He ended up in prisoner of war camp Stalag Luft III in the province of Lower Silesia near the town of Sagan (now Żagań in Poland). In prison camp he was regarded as the elder statesman of the Polish prisoners.

=='Great Escape'==
Kiewnarski was one of the 76 men who escaped the prison camp on the night of 24–25 March 1944 in the escape now famous as "the Great Escape". The initial groups out of the tunnel were those who needed a head start in order to get to the local railway station and catch their appropriate trains. He was in the first group of “walkers” who followed, they were led by Williy Williams and posed as a band of lumber mill workers on leave and included Australian Rusty Kierath, Canadian Jim Wernham and Pole Kaz Pawluk.

Memorial to "The Fifty" down the road toward Żagań (Kiewnarski at right)

In a filthy cold night they headed east towards the railway lines and then south to Tschiebsdorf railway station where Jerzy Mondschein used a forged travel pass to buy tickets for the group of twelve on the 6AM train to Boberrohrsdorf three hours south where they split up.

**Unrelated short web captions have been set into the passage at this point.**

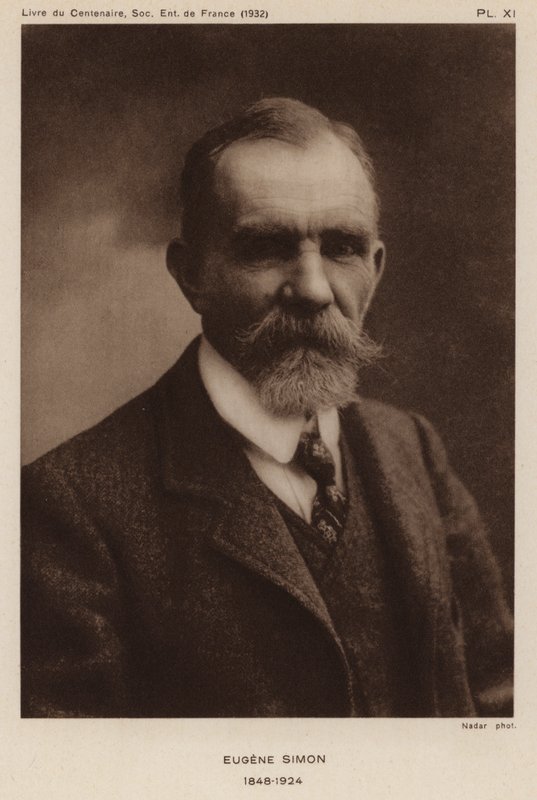 Eugene Simon, naturalista, entomologista e taxonomista francês de aranhas. (foto a p/b) de Gaspard Felix Tournachon Nadar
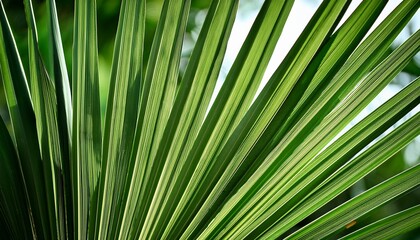 Obraz premium close up view of vibrant green palm leaves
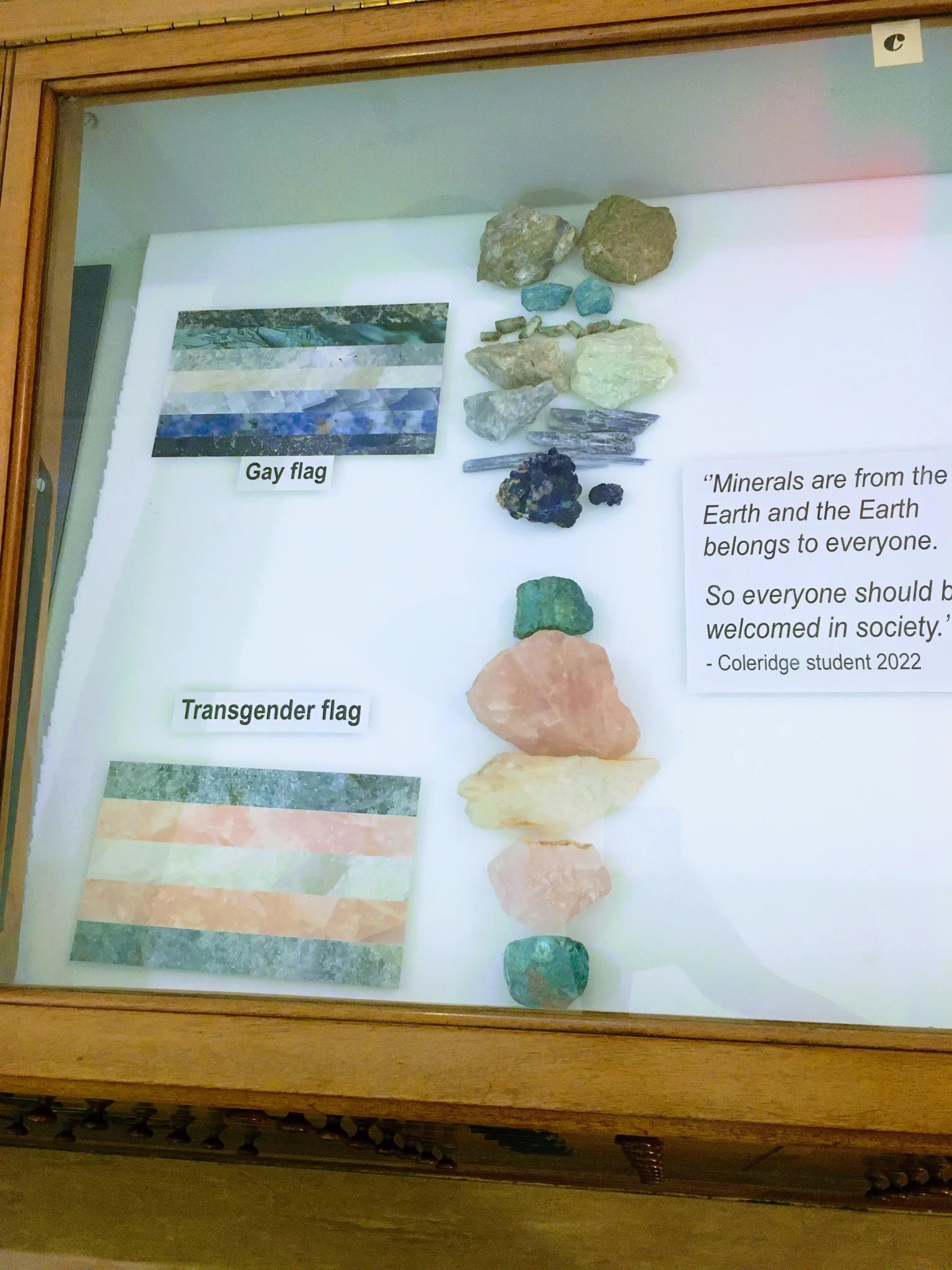 A wooden museum display case, photographed through glass, holding pride flags made from slices of rock and mineral alongside the specimens they were cut from. This case shows a flag labelled "Gay flag" and the transgender flag.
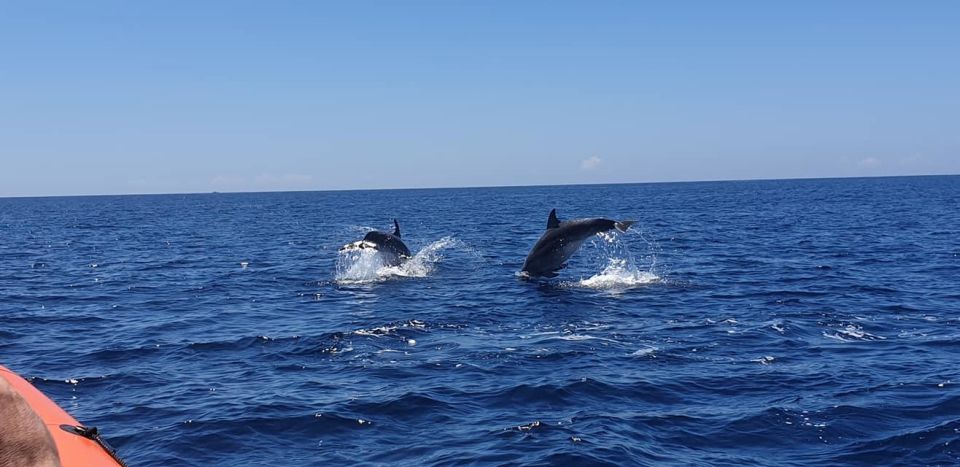 Sesimbra: Eco-friendly Dolphin Watching Tour - Full Description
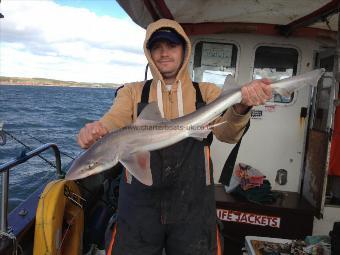 6 lb Starry Smooth-hound by Tim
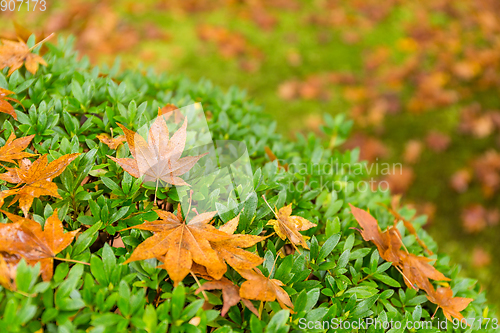 Image of Autumn maple tree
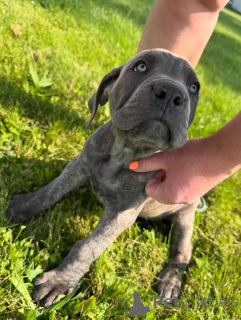 Photo №3. Chiots Sweet Cane Corso à vendre. WhatsApp professionnel 4915781334108. Lituanie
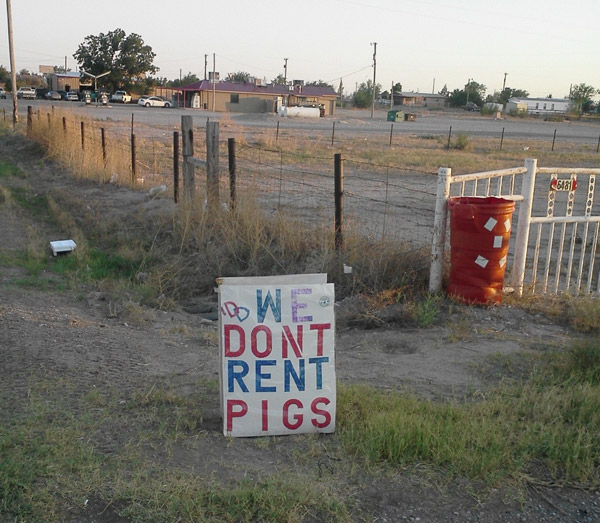 Pig Rent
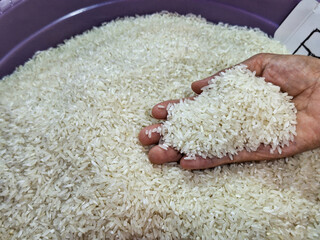 Dry Uncooked White Rice and Women Hand Background. Asian Cuisine and Culture. Healthy Eating Ingredients. Diet Food.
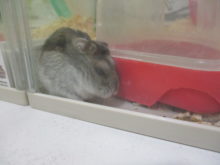 てくてく(・◇・)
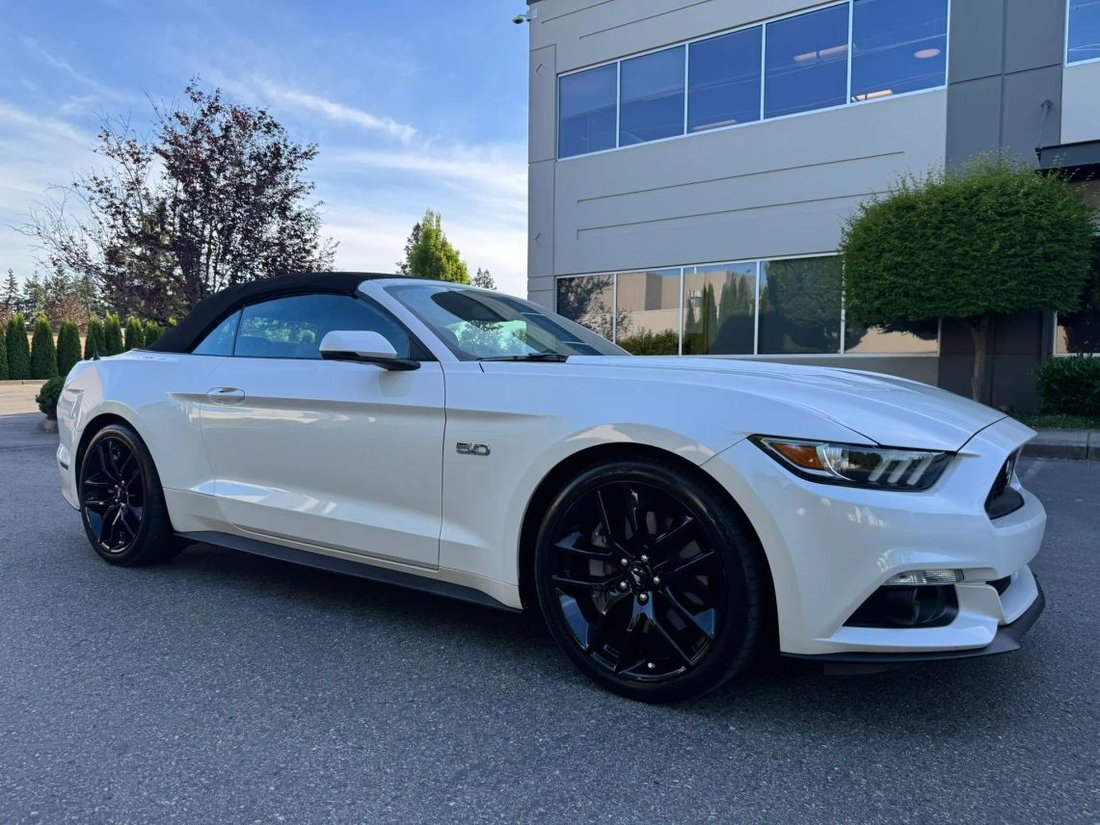 Cabriolet in Bellevue, WA, United States 1 - 18073664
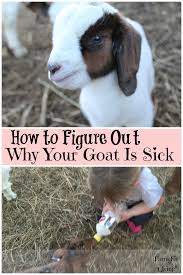 How to give a baby a bath. How To Figure Out Why Your Goat Is Sick Farm Fit Living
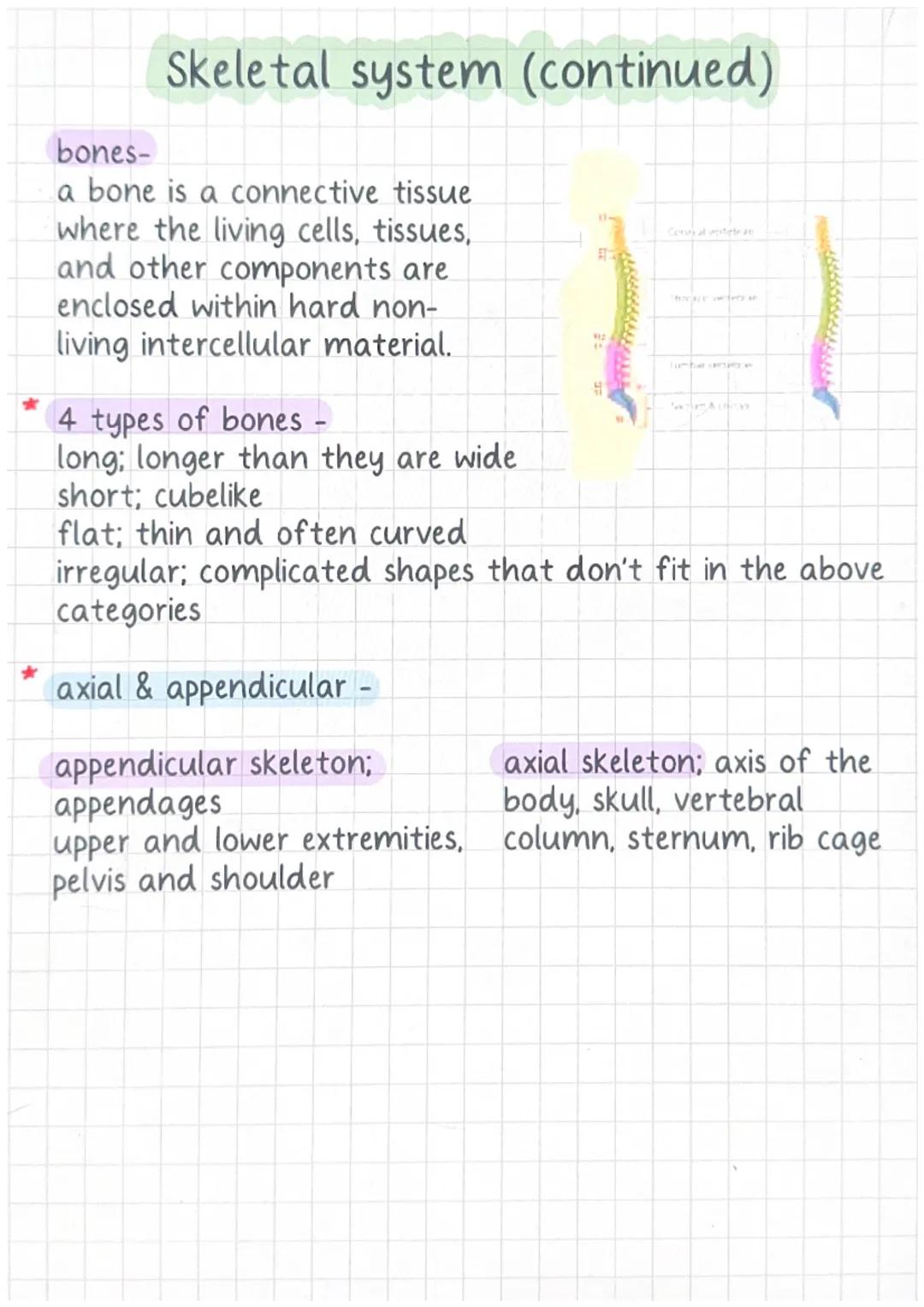Skeletal system

300 baby bones
206 adult bones
smaller bone - inner ear
longest bone-femur
1/2 hands and feet

basic functions of the skele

Kiewnarski and Kaz Pawluk arrived in Hirschberg (now Jelenia Gora ) but while walking through the town during the afternoon were arrested and interrogated in the town police station before being held in the local jail with other recaptured escapees.

On the morning of 29 March 1944, Kaz Pawluk and Kiewnarski were taken away. Later that same day, Jim Wernham and Nick Skantzikas were removed from the cell. The four were shot near Hirschberg (now Jelenia Gora ). Urns were received at the camp bearing the date of 30 March, with their names but no location of cremation. On the morning of 30 March, Doug Poynter and Pop Green were told they were being taken back to Sagan. When they reached the camp, the officer in charge refused to accept them and they were taken back to the jail. After a while, the two men were returned to Sagan and spent time in solitary confinement.
Kiewnarski was one of the 50 escapers who had been selected by SS-Gruppenfuhrer Arthur Nebe to be killed. These executions were carried out by the Gestapo. The place where he was cremated is unconfirmed. His remains are now buried in part of the Poznan Old Garrison Cemetery, where his headstone shows the rank of major.
Kiewnarski is commemorated on the Polish Air Force Memorial at Northolt, Middlesex.
His name was on the list of murdered officers, which was published by newspapers on 20 May 1944.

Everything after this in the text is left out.